4. Custom Tokenizer with Stemming Bypass
Develop a custom FTS5 tokenizer that emits both stemmed and unstemmed tokens. This requires modifying the SQLite build to include a tokenizer that duplicates terms:
// Example tokenizer emitting original and stemmed terms
static int xTokenize(
void *pCtx,
const char *pText, int nText,
Fts5Token *pToken
){
// Emit original term
pToken->pText = pText;
pToken->nText = nText;
xToken(pCtx, 0, pText, nText, 0, 0);
// Emit stemmed term
char *pStemmed = porter_stem(pText, nText);
xToken(pCtx, 0, pStemmed, strlen(pStemmed), 0, 0);
sqlite3_free(pStemmed);
return SQLITE_OK;
}
Register this tokenizer as dual_porter
and use it in the FTS5 table:
CREATE VIRTUAL TABLE content_fts USING fts5(
name, keywords,
content='content',
tokenize='dual_porter ascii'
);
The fts5vocab table will now contain both original and stemmed terms, allowing Spellfix1 to reference the unmodified versions.

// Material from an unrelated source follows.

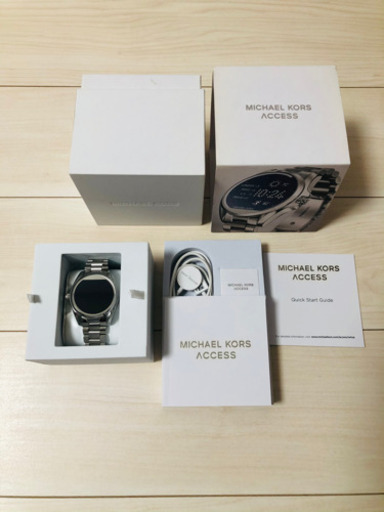 スマート時計 マイケルコース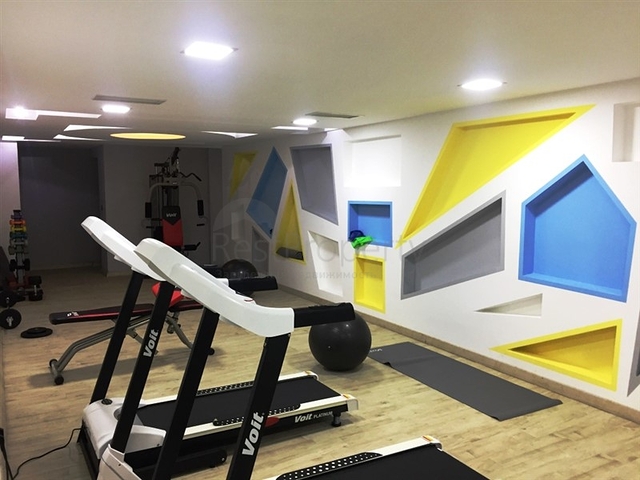 Двухкомнатные апартаменты в 150 метрах от моря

5. Post-Process Vocabulary Table Outputs
If modifying the database schema is impractical, apply a reverse-stemming mapping to the fts5vocab terms before feeding them to Spellfix1. This requires maintaining a lookup table that maps stems to their most frequent original forms:
-- Example mapping table
CREATE TABLE stem_mapping (
stem TEXT PRIMARY KEY,
original TEXT
);
-- Populate by analyzing the base table
INSERT INTO stem_mapping
SELECT DISTINCT
porter_stem(keywords) AS stem,
keywords AS original
FROM content;
-- Query Spellfix1 with mapped terms
SELECT word FROM spellfix1_vocab
WHERE word IN (SELECT original FROM stem_mapping WHERE stem = ?);
This method approximates the original terms but depends on the accuracy of the mapping table.
6. Hybrid Search-Vocabulary Schema
Combine the stemmed FTS5 index with a separate Spellfix1 table populated directly from the base table:
-- Populate Spellfix1 from the base table's keywords
INSERT INTO spellfix1_vocab(word)
SELECT DISTINCT trim(keywords, ',') FROM content;
-- Split keywords into individual terms
WITH split(word) AS (
SELECT value FROM json_each('["' || replace(keywords, ',', '","') || '"]')
)
INSERT INTO spellfix1_vocab(word)
SELECT word FROM split;
This bypasses fts5vocab entirely, ensuring Spellfix1 references the original terms.
By implementing one of these solutions, developers can reconcile the conflict between search optimization (via stemming) and accurate spell-checking or vocabulary reporting. The optimal approach depends on the specific requirements for search recall, storage overhead, and system complexity.